Alcuni aspetti della guerra combattuta non con le armi sono poco noti e sono da me stati raccolti attraverso testimonianze dirette, quali quella dell’ingegner Antonio Ambra, protagonista di quegli eventi e testimone diretto.

Quelli dell'Esercito del Sud, ricostituito proprio qui in Puglia divenuta centro di addestramento e base di partenza, vengono e sono ancora oggi definiti con l’epiteto di "badogliani". È semmai vero il contrario, secondo quanto mi ha riferito l’ingegner Ambra, le cui dichiarazioni ho riportato in un articolo pubblicato su Agenzia Radicale sabato 9 maggio 2009.

La tesi prevalente tra i politici di allora che operavano nell’ambito dei “partiti antifascisti” era quello di « la guerra lasciatela agli americani ». Noto e citatissimo è il passo di un articolo a firma di Antonio Maccanico, futuro Segretario Generale alla Presidenza della Repubblica ai tempi del Presidente Sandro Pertini, pubblicato su "Irpinia Libera", organo del Comitato di Liberazione Nazionale, sul n° 6 del 4 dicembre 1943, pochi giorni prima del battesimo del fuoco del rifondato Esercito a Montelungo. Scriveva Maccanico «Si sappia una volta per sempre, noi non ci lasceremo cucire patacche, né ci faremo irreggimentare in compagnie di ventura: sappiamo l'importanza che avrebbe per gli sfruttatori una cieca frenesia bellica e le conseguenze di una falsa union sacrée, perciò non ci prestiamo al gioco»

Come puntualizzato qualche riga sopra e che per enfasi ribadisco, il Governo di Brindisi venne riconosciuto solo dall'ex Unione Sovietica con un accordo che prefigurava la collocazione dell'Italia nella sua sfera di influenza. Ercole Ercoli, alias Palmiro Togliatti, ebbe il lasciapassare per il suo rientro in Italia proprio a seguito di questo accordo e del probabile illudersi della monarchia e del governo da essa ispirato di potere perpetuare l'istituzione con l'appoggio di un nuovo totalitarismo, quello comunista in luogo del precedente fascista.

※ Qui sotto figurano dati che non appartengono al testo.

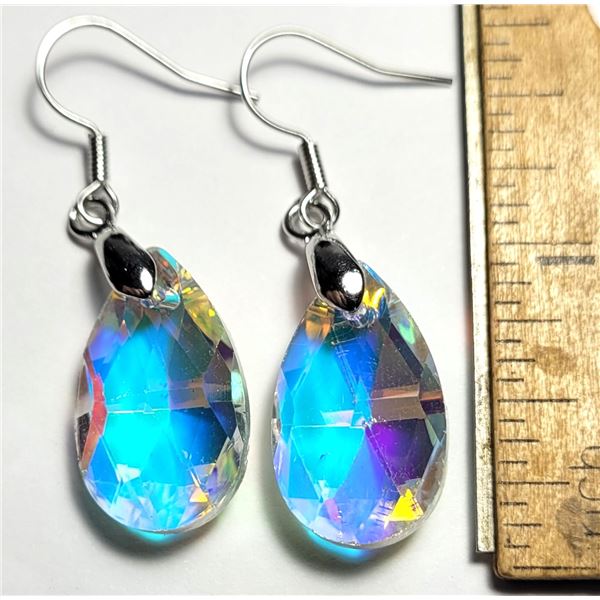 20)  PEAR SHAPED CRYSTAL DROP EARRINGS.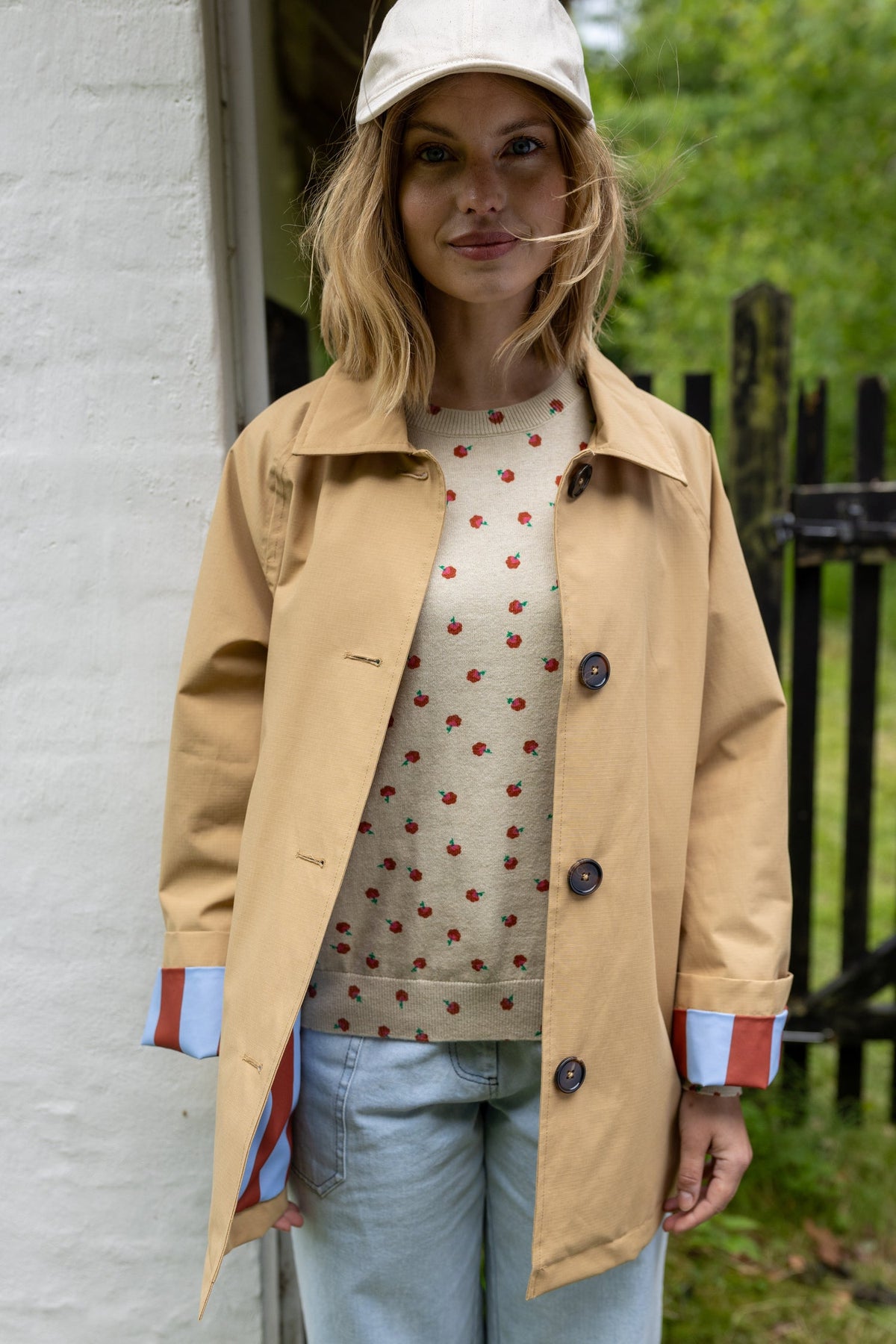 Danefæ Danebusiness beige regenjas voor dames, zijaanzicht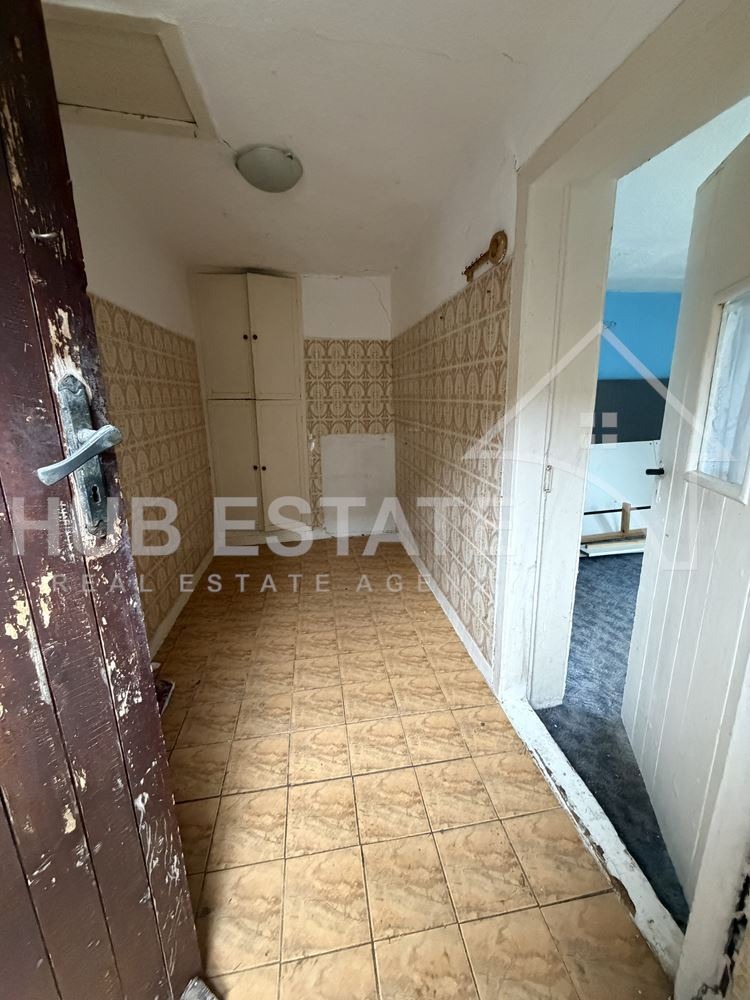 Продава КЪЩА, с. Стефан Караджа, област Добрич, снимка 7 - Къщи - 54153796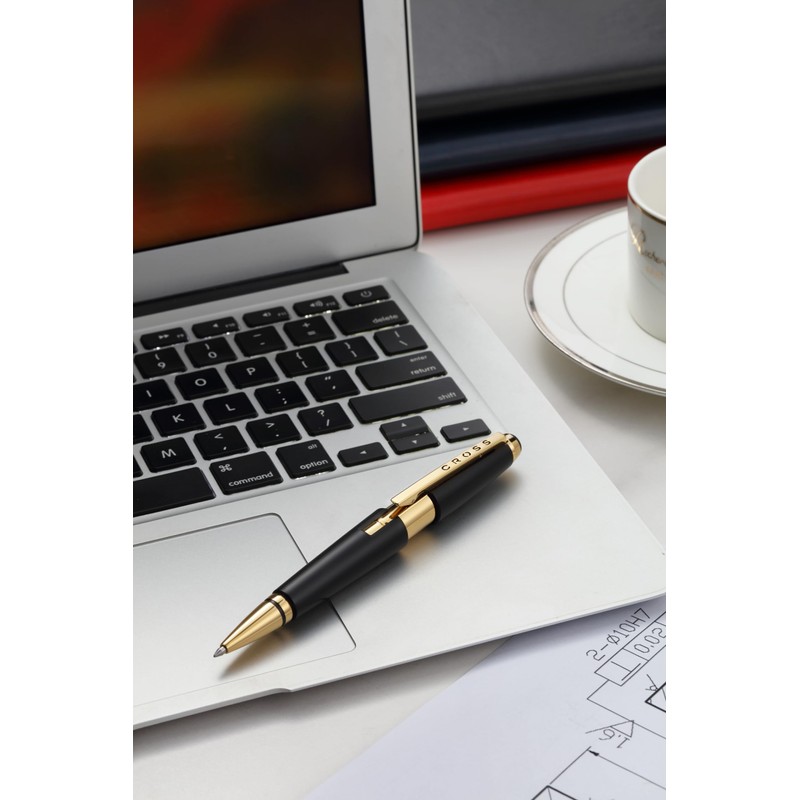 Cross Edge Matte Black Lacquer with Gold PVD Appointments Selectip®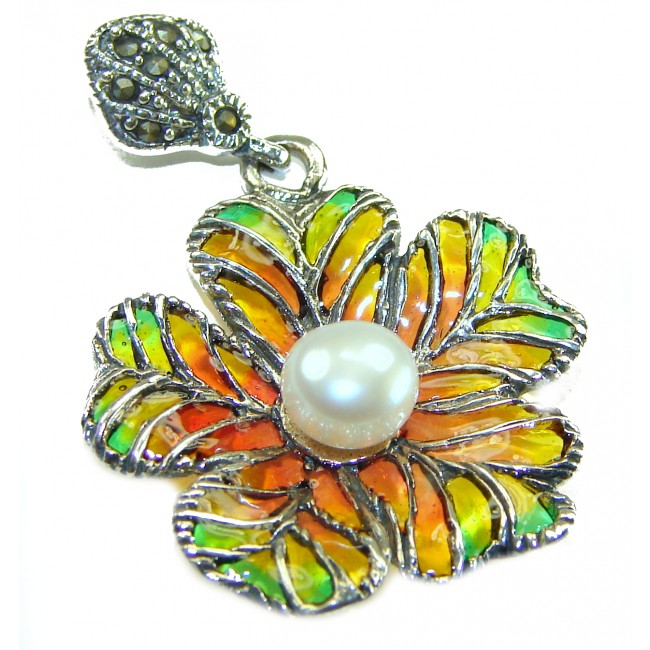 Masterpiece! Authentic Pearl Enamel .925 Sterling Silver handcrafted Pendant - Colorful enamel flower pendant with pearl center, top view.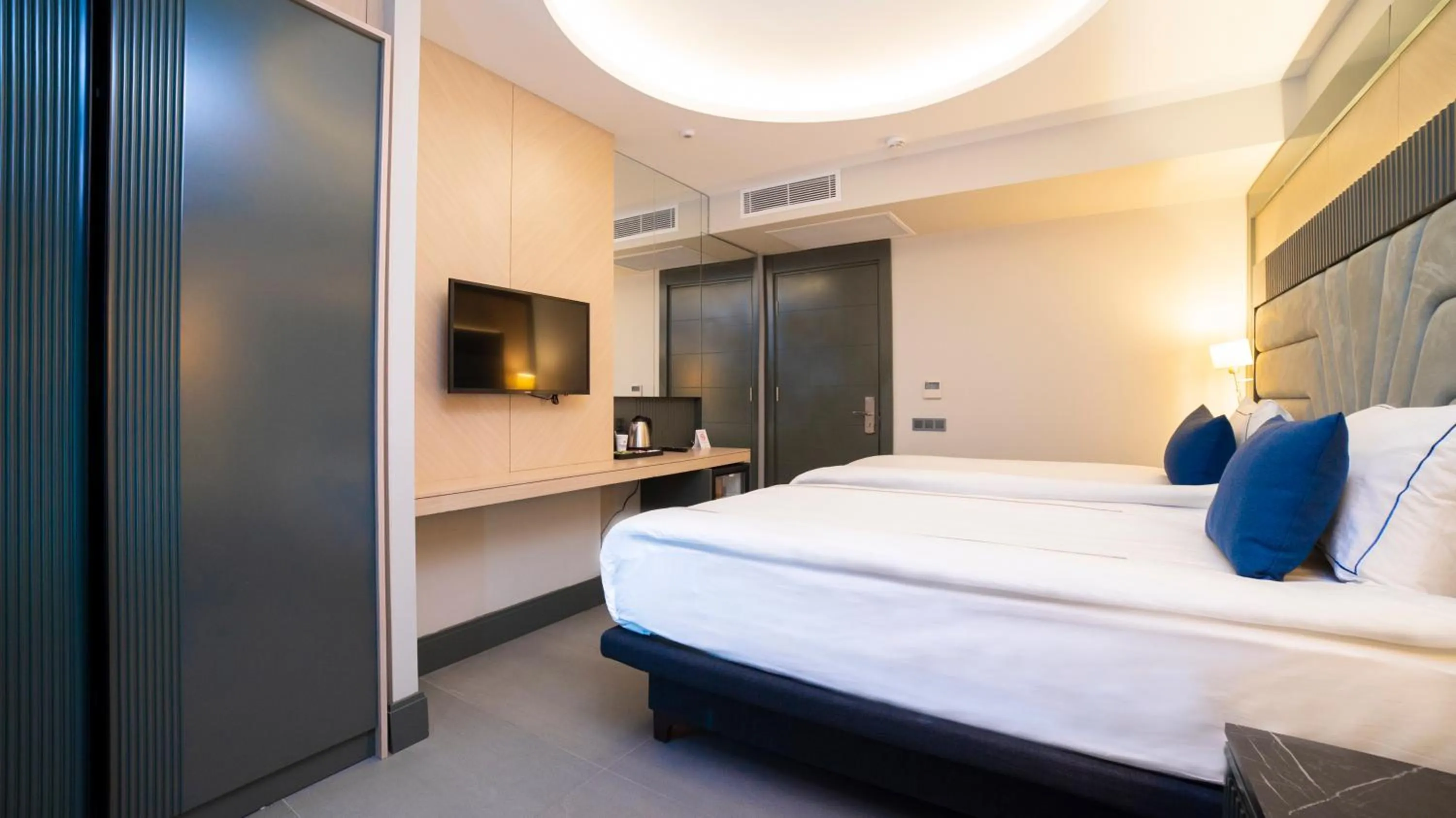 Bed in Türkay Hotel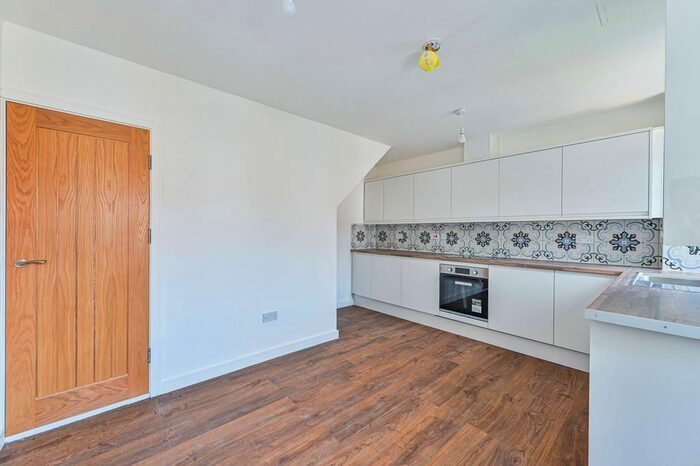 2 Bedroom Flat To Rent In .Somerset Gardens, Norbury, London, SW16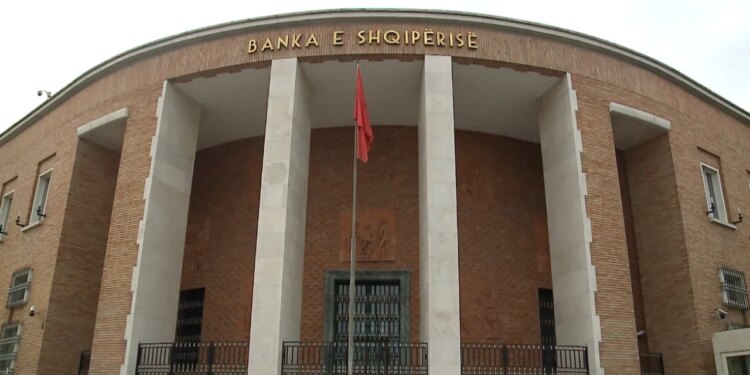 Banka e Shqipërisë mban të pandryshuar normën bazë të interesit 2.5%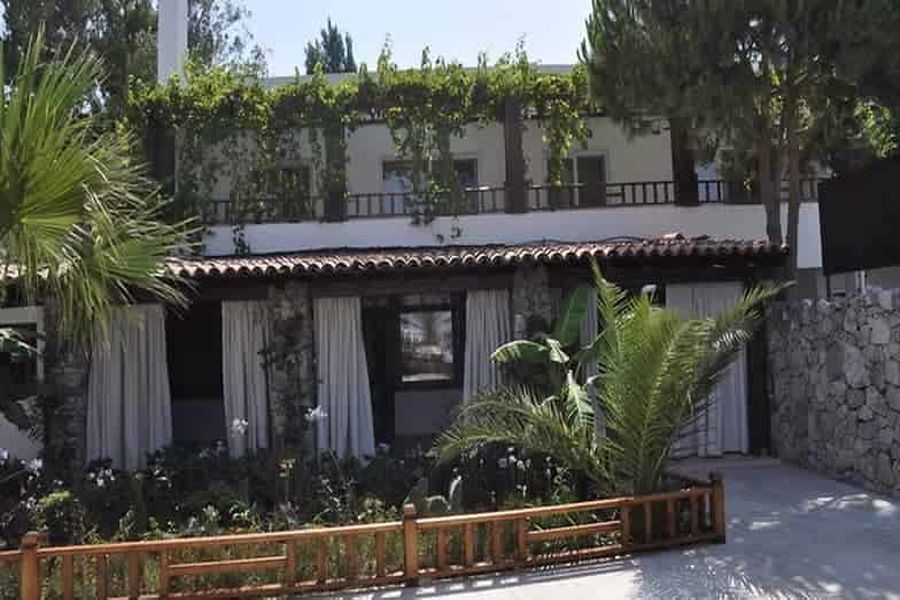 Onikon Otel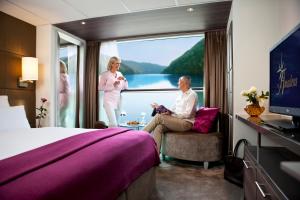 デュッセルドルフにあるFairtours Hotelschiff Amadeus Silver 5*の窓付きのホテルルームに男女別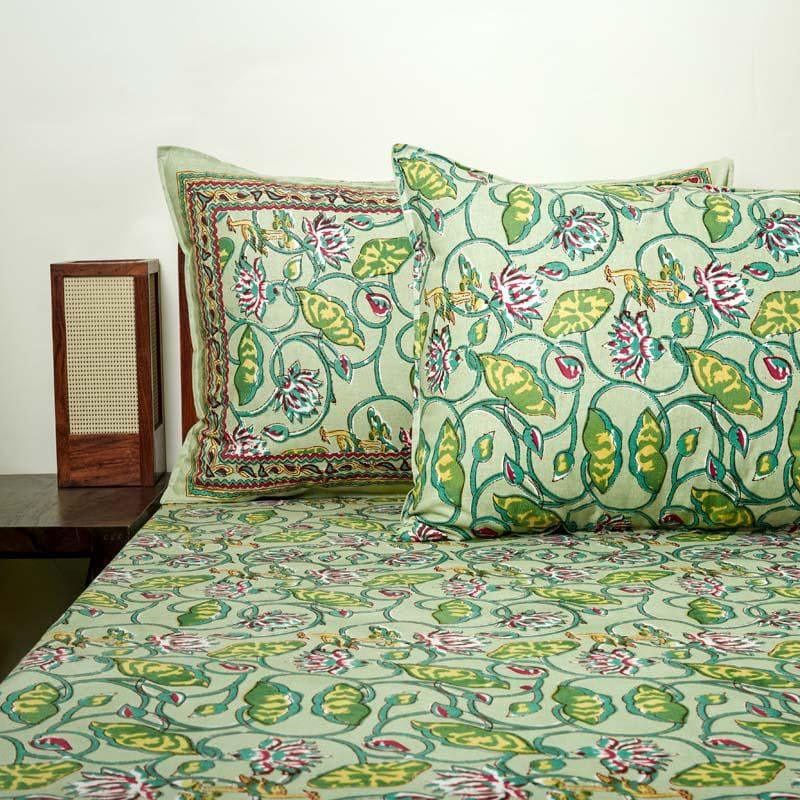 Buy Jewelina Floral Printed Bedsheet - Light Green Bedsheets from Vaaree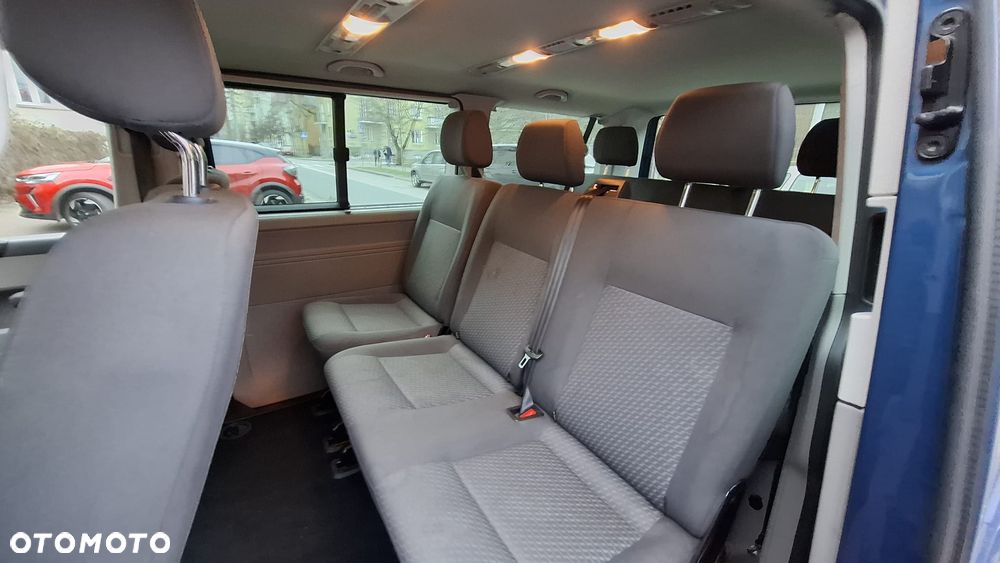 Volkswagen Caravelle - 20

Il primo Raggruppamento Motorizzato, quello che combatté a Montelungo e che era stato costituito il 27 settembre 1943 a San Pietro in Vernotico (LE), era inviso al governo di Brindisi e allo speculare e concorrente "contro governo" del Comitato dei Partiti antifascisti, divenuto Comitato di Liberazione Nazionale. Le ragioni erano differenti, ma lo sforzo sinergico. Il Governo Badoglio aveva dei complessi nei confronti dell’ex alleato tedesco, non voleva caratterizzarsi troppo sul piano dell’impegno militare in un conflitto che in quel frangente aveva le caratteristiche di guerra civile. L’Italia era divisa in due, non solo geograficamente. In armi si contrapponevano italiani in uniforme inglese ed italiani in uniforme tedesca. A Montelungo, venendo da Cassino, c’è una stele che ricorda il capitano/maggiore a seconda dell’ottica di schieramento (maggiore per la Repubblica Sociale Italiana, grado non riconosciuto dalla controparte) Rino Cozzarini eroicamente caduto alla testa di un battaglione di italiani che avevano fatto una scelta di campo diversa e combattevano con l’uniforme tedesca. Con un gesto di pietas e di riappacificazione nazionale, sconosciuto a che ancor oggi vive quegli avvenimenti con emotività ideologica, il nostro Presidente Nazionale generale Poli, prima di annualmente recarsi a ricordare la memoria dei commilitoni caduti inquadrati nei reparti del rifondato Esercito nazionale, si ferma in raccoglimento e depone un mazzo di fiori nel punto in cui cadde Cozzarini, segnato da quella stele.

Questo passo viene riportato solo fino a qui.